FIG. 1 d shows the connector module 100 mounted to the circuit board 114. The circuit board 114 is located in the y-z plane of the coordinate system shown. The board mounting reference surface 107 is substantially flat, so when mounted to the circuit board 114, the board mounting reference surface 107 is substantially coplanar with the circuit board 114. Among other benefits, the precision in the flatness of the board mounting reference surface 107 aids in orienting the coaxial connectors 102 substantially parallel to the circuit board 114. In a specific embodiment, the surface flatness across its surface the board mounting reference surface 107 is within approximately 0.2 mm. Moreover, the master alignment pin 109 and the alignment pins 108 are disposed at predetermined locations with suitable precision along the board mounting reference surface 107 to engage respective openings in the circuit board 114. The precision of locating the alignment pins 108 and the master alignment pin 109 provides, among other benefits, precision in locating the connector module 100 in the z-direction on the board 114. In a specific embodiment, the alignment pins 108 and master alignment pin 109 are each located on the board mounting reference surface to within approximately ±0.1 mm.
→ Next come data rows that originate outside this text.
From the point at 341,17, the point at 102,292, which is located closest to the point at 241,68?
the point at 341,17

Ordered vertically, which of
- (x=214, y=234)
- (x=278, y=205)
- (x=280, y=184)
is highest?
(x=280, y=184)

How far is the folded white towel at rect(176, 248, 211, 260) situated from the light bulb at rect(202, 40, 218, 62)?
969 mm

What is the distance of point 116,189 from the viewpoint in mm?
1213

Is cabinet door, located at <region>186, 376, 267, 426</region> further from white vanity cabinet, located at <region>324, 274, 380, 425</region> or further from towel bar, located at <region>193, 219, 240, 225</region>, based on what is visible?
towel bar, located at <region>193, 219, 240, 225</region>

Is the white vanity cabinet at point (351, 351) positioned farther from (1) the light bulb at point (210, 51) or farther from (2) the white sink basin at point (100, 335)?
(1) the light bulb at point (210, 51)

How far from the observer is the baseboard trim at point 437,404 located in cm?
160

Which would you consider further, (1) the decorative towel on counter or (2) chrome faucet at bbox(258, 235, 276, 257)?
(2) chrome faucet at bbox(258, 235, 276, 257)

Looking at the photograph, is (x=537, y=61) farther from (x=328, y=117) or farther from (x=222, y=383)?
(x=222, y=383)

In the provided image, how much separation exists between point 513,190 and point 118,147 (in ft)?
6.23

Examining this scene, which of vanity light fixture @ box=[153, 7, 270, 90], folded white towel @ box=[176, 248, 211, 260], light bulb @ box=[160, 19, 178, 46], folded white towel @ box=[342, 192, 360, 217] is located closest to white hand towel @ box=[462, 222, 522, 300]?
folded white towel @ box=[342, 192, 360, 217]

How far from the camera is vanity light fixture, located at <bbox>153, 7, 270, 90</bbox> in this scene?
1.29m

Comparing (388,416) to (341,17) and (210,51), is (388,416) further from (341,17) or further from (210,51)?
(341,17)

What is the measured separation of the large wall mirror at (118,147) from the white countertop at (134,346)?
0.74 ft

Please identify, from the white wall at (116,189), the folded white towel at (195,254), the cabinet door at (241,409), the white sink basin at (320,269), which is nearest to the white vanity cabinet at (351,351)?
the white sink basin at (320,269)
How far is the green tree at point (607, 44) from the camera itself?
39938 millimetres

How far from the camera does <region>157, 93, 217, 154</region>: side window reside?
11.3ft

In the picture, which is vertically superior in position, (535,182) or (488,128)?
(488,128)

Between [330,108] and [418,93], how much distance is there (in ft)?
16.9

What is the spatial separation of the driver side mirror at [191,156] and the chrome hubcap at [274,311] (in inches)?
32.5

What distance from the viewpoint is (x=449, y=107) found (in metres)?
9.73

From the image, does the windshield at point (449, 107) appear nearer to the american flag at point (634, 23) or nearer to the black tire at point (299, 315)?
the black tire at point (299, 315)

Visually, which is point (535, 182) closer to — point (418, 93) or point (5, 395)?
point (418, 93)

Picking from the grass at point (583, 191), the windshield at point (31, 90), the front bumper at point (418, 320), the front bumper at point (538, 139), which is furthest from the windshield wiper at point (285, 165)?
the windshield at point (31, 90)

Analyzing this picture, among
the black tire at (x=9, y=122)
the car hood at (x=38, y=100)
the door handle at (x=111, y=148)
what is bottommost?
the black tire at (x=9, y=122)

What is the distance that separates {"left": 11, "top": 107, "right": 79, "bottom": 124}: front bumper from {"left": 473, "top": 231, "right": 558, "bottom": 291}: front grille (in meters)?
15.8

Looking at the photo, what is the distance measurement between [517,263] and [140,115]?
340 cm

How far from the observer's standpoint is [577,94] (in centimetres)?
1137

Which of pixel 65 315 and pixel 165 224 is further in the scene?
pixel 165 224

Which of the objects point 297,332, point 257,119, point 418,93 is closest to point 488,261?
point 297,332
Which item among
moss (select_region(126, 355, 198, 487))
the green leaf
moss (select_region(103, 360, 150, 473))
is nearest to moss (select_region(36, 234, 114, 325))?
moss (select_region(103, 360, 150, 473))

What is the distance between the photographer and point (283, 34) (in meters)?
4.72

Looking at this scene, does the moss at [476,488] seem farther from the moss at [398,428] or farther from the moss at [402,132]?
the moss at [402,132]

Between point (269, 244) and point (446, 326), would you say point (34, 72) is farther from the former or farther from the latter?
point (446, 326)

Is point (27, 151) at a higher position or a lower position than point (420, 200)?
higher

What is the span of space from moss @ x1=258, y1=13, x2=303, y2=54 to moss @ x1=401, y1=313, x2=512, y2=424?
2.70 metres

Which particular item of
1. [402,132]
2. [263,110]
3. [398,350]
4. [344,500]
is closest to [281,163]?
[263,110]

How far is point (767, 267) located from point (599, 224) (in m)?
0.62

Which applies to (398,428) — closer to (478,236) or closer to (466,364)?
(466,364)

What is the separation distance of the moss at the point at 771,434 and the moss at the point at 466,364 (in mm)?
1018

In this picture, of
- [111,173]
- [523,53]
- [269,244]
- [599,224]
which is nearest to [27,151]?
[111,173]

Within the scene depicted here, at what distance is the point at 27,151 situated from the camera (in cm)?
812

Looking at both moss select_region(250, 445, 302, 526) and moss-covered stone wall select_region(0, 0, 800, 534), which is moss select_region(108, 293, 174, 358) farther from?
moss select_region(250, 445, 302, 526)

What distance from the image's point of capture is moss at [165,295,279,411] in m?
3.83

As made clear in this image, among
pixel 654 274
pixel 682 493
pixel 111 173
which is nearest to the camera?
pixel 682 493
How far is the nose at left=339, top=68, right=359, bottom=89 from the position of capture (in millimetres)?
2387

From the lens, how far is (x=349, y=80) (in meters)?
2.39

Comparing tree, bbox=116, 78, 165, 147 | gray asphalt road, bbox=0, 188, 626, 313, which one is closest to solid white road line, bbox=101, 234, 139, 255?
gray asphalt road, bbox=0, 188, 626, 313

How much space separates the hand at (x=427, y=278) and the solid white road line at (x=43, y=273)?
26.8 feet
During assembly, the connector module 100 is mounted on the circuit board 114 with the master alignment pin 109 passing through the master alignment pin hole 116 and the alignment pins 108 passing through respective alignment pin holes 115. The master pin 109 sets the lateral (y-position) of the connector module 100 on the board 114. The alignment pins 108 together with the master alignment pin 109 set the position of the connector module 100 on the circuit board 114 in the y-z plane. In addition, the alignment pins 108 aid in resisting rotation of the connector module 100 about its y-axis (i.e., ‘tilt’), and the rotation of the connector module 100 about the x-axis (i.e., ‘twist’). As can be appreciated, rotation of the connector module about either the x or y axes can have a deleterious impact on the alignment of the connector module 100 with other elements described herein.
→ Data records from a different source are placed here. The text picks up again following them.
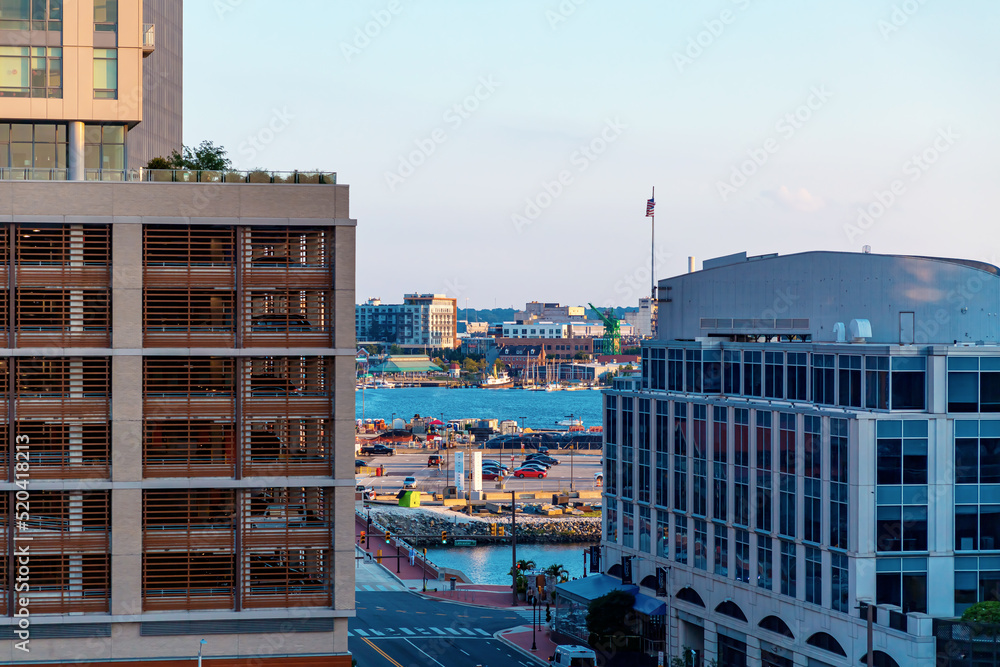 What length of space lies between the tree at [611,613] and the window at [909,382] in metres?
24.7

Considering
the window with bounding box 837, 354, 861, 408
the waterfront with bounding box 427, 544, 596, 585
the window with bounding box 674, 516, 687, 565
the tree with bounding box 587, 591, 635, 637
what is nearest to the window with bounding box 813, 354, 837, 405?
the window with bounding box 837, 354, 861, 408

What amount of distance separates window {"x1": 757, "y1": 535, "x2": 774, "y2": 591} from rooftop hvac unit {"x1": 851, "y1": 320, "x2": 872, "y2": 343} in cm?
1170

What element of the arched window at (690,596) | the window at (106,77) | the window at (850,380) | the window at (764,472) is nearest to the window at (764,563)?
the window at (764,472)

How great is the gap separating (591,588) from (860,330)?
93.0 ft

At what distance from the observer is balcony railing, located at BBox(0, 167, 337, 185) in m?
46.1

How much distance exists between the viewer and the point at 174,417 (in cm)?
4622

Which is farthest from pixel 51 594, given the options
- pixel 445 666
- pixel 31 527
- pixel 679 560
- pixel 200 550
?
pixel 679 560

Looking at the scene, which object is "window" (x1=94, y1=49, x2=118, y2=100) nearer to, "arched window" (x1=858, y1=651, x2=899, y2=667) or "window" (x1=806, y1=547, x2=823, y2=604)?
"window" (x1=806, y1=547, x2=823, y2=604)

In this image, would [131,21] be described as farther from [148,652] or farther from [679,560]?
[679,560]

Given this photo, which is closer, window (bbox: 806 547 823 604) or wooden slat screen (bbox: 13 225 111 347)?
wooden slat screen (bbox: 13 225 111 347)

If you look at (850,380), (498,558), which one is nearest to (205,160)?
(850,380)

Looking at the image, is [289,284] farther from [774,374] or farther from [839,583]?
[774,374]

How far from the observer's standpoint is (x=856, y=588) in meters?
61.2

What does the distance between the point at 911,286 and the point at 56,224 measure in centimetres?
4611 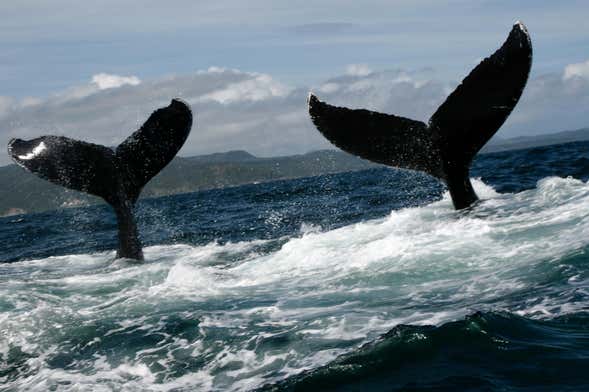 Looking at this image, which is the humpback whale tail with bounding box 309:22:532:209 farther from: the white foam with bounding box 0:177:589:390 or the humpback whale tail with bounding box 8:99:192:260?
the humpback whale tail with bounding box 8:99:192:260

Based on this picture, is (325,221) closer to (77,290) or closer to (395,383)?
(77,290)

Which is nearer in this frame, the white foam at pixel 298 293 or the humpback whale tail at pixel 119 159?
the white foam at pixel 298 293

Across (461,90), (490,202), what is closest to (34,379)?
(461,90)

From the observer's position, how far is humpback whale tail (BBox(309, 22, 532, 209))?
865 cm

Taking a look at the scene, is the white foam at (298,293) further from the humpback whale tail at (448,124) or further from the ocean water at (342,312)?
the humpback whale tail at (448,124)

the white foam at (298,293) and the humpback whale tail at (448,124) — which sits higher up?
the humpback whale tail at (448,124)

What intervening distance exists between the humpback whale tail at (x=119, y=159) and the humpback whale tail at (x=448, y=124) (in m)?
2.60

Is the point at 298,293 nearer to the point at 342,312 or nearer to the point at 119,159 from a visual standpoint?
the point at 342,312

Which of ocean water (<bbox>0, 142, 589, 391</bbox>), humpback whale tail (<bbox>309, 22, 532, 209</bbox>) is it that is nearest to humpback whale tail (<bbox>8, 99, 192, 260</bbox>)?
ocean water (<bbox>0, 142, 589, 391</bbox>)

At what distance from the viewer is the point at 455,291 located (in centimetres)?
777

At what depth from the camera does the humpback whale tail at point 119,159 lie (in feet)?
34.9

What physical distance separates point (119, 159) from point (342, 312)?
5.55 metres

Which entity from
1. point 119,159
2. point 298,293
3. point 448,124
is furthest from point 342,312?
point 119,159

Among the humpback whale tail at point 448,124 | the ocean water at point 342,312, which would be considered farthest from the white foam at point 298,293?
the humpback whale tail at point 448,124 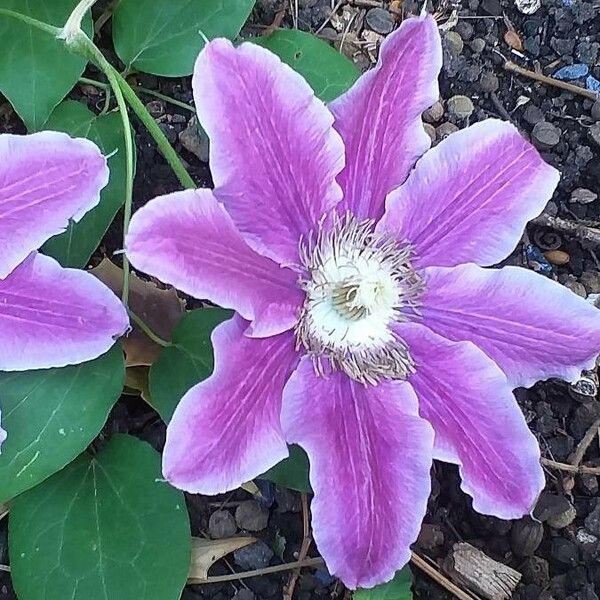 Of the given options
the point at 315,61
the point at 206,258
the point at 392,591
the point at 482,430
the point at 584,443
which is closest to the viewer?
the point at 206,258

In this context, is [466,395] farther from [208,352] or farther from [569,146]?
[569,146]

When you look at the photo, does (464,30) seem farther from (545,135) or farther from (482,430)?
(482,430)

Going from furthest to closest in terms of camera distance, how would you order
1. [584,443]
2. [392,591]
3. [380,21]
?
[380,21] < [584,443] < [392,591]

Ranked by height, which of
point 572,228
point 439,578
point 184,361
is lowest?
point 439,578

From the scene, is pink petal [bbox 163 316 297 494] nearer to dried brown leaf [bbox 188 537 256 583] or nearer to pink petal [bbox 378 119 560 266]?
pink petal [bbox 378 119 560 266]

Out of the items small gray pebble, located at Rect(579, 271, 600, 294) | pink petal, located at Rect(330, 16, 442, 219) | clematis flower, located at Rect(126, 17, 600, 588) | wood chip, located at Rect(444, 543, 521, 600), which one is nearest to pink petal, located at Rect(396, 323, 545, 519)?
clematis flower, located at Rect(126, 17, 600, 588)

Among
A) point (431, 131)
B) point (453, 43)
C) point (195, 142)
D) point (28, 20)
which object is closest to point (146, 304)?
point (195, 142)

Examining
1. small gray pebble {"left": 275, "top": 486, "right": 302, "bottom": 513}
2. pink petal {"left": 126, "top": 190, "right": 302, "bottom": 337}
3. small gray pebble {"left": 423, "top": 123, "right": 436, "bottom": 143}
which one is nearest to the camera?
pink petal {"left": 126, "top": 190, "right": 302, "bottom": 337}

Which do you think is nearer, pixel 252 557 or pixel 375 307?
pixel 375 307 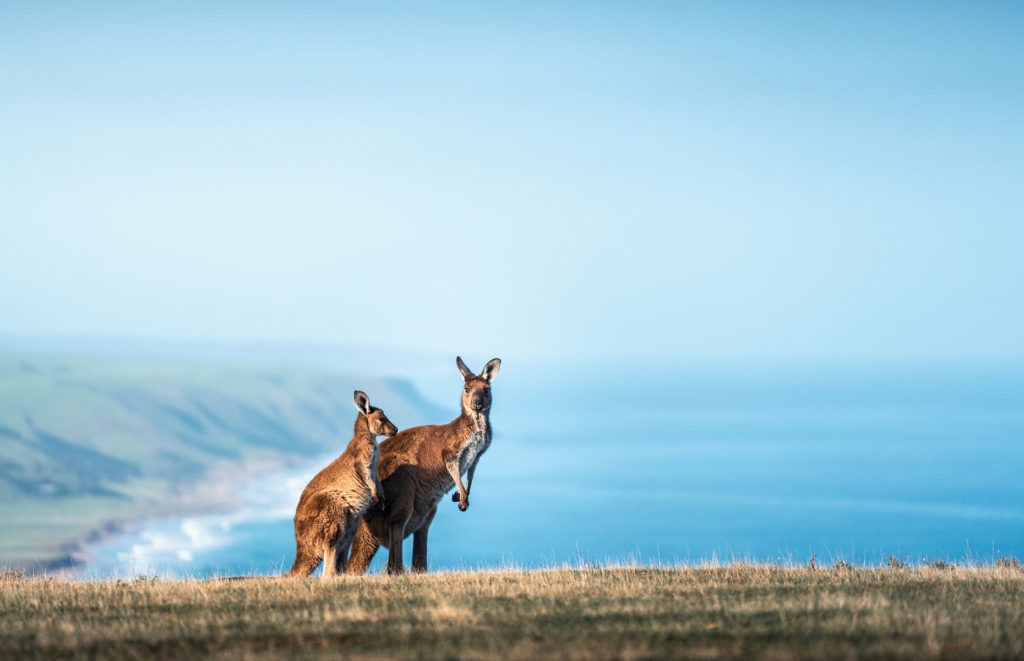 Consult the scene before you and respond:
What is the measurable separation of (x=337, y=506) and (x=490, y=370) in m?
3.02

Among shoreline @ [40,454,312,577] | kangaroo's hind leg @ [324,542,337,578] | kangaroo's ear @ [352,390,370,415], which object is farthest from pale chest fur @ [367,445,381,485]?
shoreline @ [40,454,312,577]

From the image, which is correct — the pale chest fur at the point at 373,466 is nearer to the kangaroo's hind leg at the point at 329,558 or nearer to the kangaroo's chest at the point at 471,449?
the kangaroo's hind leg at the point at 329,558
The master alignment pin hole 116 is substantially round and provides rather tight tolerance for the insertion of the master alignment pin. Thus, the precise location of the master alignment pin 109 on the connector module 100 and the relatively tight tolerance of the master alignment pin hole 116 provides precision in the location of the connector module 100 in the y-z plane. Illustratively, the alignment pin holes 115 have greater tolerance in the z-direction than the master alignment pin hole 116. This increased tolerance normally is provided by forming the alignment pin holes 115 of a substantially elliptical shape, where the cross-section of the alignment pins 108 is substantially circular. For example, the minor diameter of the elliptical opening of the alignment pin holes 115 may be substantially the same as or slightly larger than the diameter of the alignment pins, and the major diameter of the ellipse may be larger than the diameter of the diameter of the alignment pins. By providing this tolerance in the holes 115, tolerance mismatch between the circuit board 114 and the connector module 100 can be compensated.
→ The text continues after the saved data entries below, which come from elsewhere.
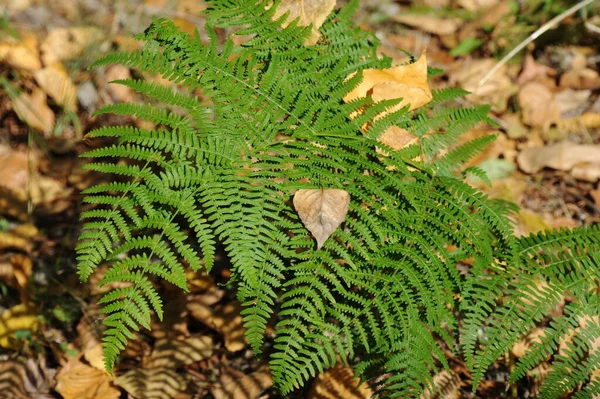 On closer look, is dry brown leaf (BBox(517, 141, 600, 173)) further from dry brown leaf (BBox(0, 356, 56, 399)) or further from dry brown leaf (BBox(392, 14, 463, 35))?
dry brown leaf (BBox(0, 356, 56, 399))

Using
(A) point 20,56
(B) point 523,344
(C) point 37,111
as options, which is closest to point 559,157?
(B) point 523,344

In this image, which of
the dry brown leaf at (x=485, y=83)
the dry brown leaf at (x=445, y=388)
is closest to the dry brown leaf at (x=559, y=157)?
the dry brown leaf at (x=485, y=83)

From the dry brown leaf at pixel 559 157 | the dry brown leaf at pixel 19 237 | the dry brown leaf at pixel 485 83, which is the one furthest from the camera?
the dry brown leaf at pixel 485 83

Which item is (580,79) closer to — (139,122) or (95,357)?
(139,122)

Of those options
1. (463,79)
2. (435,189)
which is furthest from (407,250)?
(463,79)

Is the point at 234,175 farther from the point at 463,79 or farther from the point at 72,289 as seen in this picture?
the point at 463,79

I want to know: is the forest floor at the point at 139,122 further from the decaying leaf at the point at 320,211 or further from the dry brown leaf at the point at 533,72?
the decaying leaf at the point at 320,211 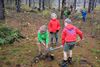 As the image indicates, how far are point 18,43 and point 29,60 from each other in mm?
3057

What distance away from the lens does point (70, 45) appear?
8789 millimetres

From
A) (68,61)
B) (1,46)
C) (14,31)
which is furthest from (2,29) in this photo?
(68,61)

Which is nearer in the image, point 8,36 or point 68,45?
point 68,45

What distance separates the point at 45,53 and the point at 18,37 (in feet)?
13.6

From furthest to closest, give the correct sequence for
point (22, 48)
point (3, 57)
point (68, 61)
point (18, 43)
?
point (18, 43)
point (22, 48)
point (3, 57)
point (68, 61)

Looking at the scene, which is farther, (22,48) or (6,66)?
(22,48)

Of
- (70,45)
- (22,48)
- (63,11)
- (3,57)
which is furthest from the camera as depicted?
(63,11)

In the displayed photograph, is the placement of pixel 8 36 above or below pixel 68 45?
Answer: below

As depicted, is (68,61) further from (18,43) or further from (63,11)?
(63,11)

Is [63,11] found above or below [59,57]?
above

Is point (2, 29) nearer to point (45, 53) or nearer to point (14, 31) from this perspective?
point (14, 31)

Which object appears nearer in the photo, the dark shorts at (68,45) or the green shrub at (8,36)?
the dark shorts at (68,45)

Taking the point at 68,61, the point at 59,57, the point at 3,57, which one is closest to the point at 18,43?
the point at 3,57

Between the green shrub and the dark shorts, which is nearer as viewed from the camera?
the dark shorts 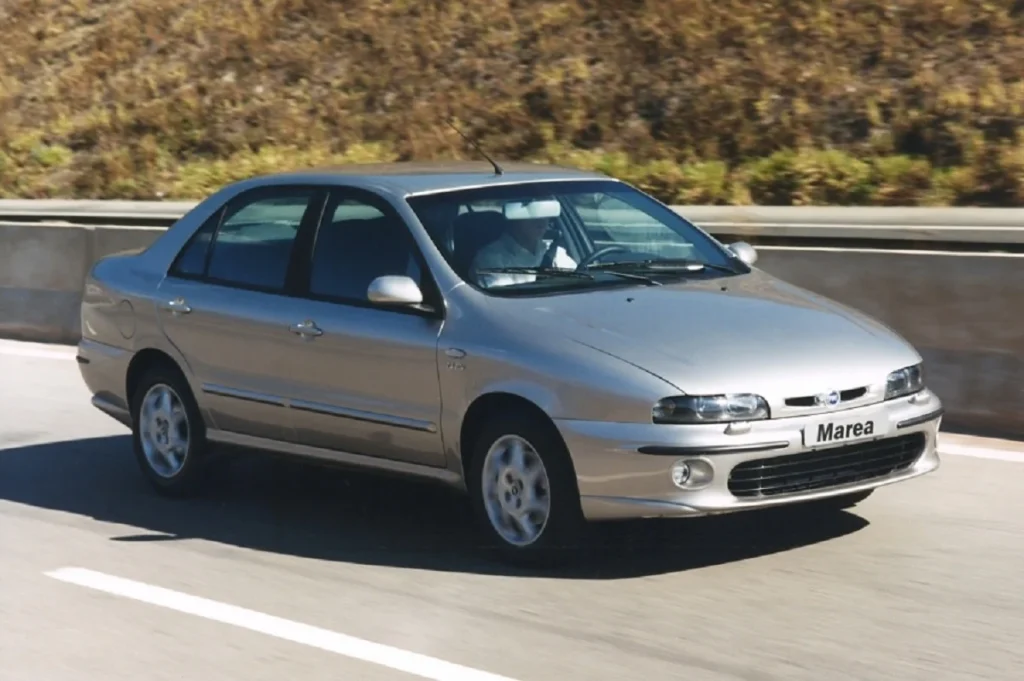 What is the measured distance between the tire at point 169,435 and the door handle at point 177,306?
304mm

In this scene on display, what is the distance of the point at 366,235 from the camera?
25.7 feet

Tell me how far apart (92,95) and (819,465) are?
23220mm

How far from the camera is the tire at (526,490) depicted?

As can be appreciated from the description above, the connector module 100 is located on the circuit board 114 with suitable precision and in a proper orientation via the mounting surface 107, the alignment pins 108 and the master alignment pin 109. The suitable location and proper orientation of certain features of the connector module 100 results from the integral nature of the connector module 100 and is realized without costly fixturing techniques described previously.

In the example embodiment, the bulkhead 101 is cast so its front face 119 is substantially orthogonal to the board mounting reference surface 107 and the outer portions 103 of the coaxial connectors 102 are cast to be substantially perpendicular to the front face 119 and thus substantially parallel to one another. When the connector module is mounted to the circuit board 114, the coaxial connectors 102 are substantially parallel to one another and oriented in the z-direction.

In addition, and as detailed herein, the connector module 100 is cast so that the center-to-center spacing of the coaxial connectors 102 is suitably precise, and so that the posts 104 are accurately located on the outer portion 103 of the respective coaxial connectors. The posts 104 set the angular orientation of the mating coaxial connectors. Specifically, in the coordinate system shown in FIG. 1 d, the posts 104 set the angular position (φ) in the x-y plane of the mating connector relative to the respective coaxial connector 102. Furthermore, the posts 104 are cast in a substantially fixed orientation relative to the board mounting reference surface 107.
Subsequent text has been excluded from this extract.